State legislatures and the courts have not been slow respond. Indeed, more than 30 states have passed laws banning city lawsuits against gun manufacturers. And in the courts, more than a third of the cases have already been dismissed or dropped. The message from the legislatures and the courts has been clear: It is the responsibility of the legislature(s), not the courts, to regulate firearm production and sales; and manufacturers of legal products are not responsible for the criminal misuse of those products.

More recently, on March 19, Senator Larry Craig, with the support of a majority of the Senate, introduced the bi-partisan Protection of Lawful Commerce in Arms Act. This legislation and its companion bill in the House of Representative would ban municipal lawsuits against gun manufacturers nationwide.

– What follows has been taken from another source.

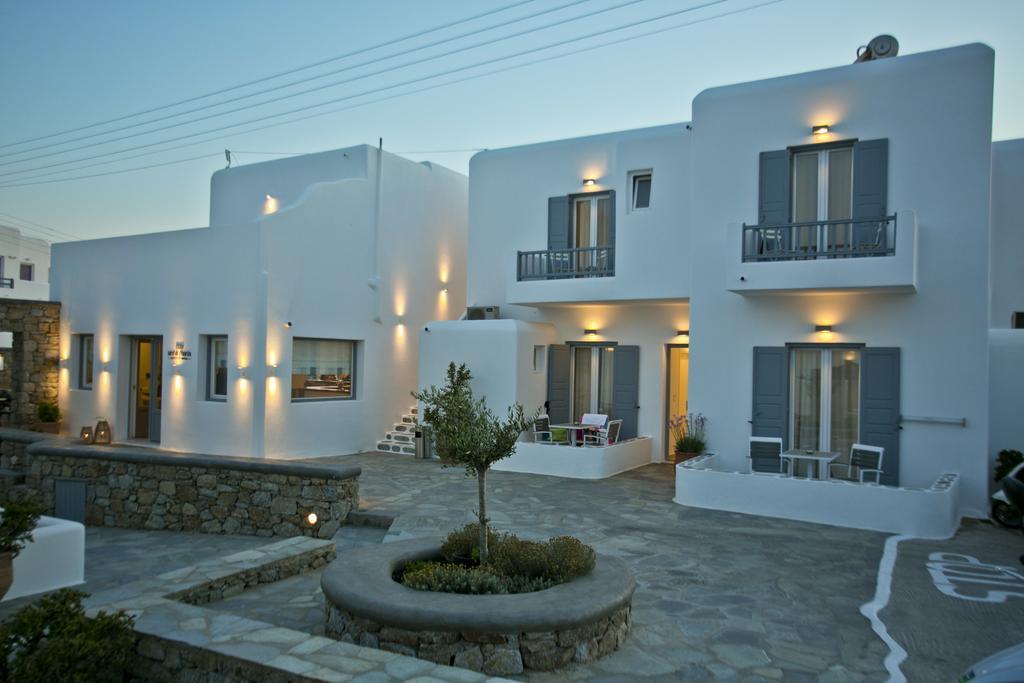 Anna-Maria Mykonos Hotel Glastros  외부 사진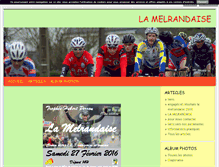 Tablet Screenshot of lamelrandaise.blog4ever.com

Gun control activists, mayors and trial lawyers complain that federal legislation banning gun lawsuits usurps local authority. Their claim lacks merit.

The question is, why is federal intervention needed, and why now?

The answer to the latter question is that in California Governor Gray Davis signed legislation explicitly allowing lawsuits against gun makers. Ironically, Davis signed the bill on September 25, 2002, the very day that the H.R. 2037 was passed out of committee. Because the firearm industry is relatively small – less than $200 million in total profit for the entire industry in 1999 – one substantial verdict against manufacturers could bankrupt the entire industry. In California, that has now become a real possibility.

In addition, though every trial court that has heard the municipal lawsuits thus far have thrown them out in whole or part, appellate courts in three states overturned the lower courts' verdicts and allowed the suits to go forward. The appellate judges in these jurisdictions are evidently more inclined than their trial court brethren to preempt the legitimate role of the legislature and make law, rather than uphold precedent and traditional common law principles of tort in the area of firearms policy.

Federal intervention is merited for a number of reasons. These lawsuits are an attempt to circumvent the will of the majority as expressed through the legislature with the determinations of the judiciary. Several of the mayors and district attorney's have admitted as much by stating that the lawsuits are not really about money but rather about changing the way the firearm industry does business. Shaping an industry's business practices is regulation pure and simple – and regulation is the proper province of the legislature.

In addition, each Congressman swears to uphold the Constitution of the United States, and this bill is a step in satisfying that pledge. How so? The Second Amendment to the Constitution guarantees the individual's "right to keep and bear arms." However, as mentioned above, the firearms industry is relatively small. These lawsuits have already helped push two companies into bankruptcy. If the industry as a whole is forced into bankruptcy, the "the right to keep and bear arms," becomes academic.

Though firearms, if well maintained, have long product lifespans, every gun in regular use will wear out over time. With no new guns on the market, the right to keep and bear arms will become a right in name only. Even if some gun manufacturers remain, the prices for firearms will be so high that owning guns will be a right reserved, in fact if not in theory, for the relatively wealthy.

Senator Craig's bill also reemphasizes that Congress alone was delegated the power to regulate interstate commerce. Make no mistake, this is about interstate commerce. A substantial judgement against the firearm industry in a state that lacks a law prohibiting lawsuits against the firearm industry, would have the effect of regulating or ending firearms manufacturing and sales in states with such a ban.

When commercial regulations, whether created by the legislature or created de novo in the courts, in one state significantly affect commerce in other states, Congress has legitimate oversight authority in the situation. This is Congress's job, its time for them to get to it.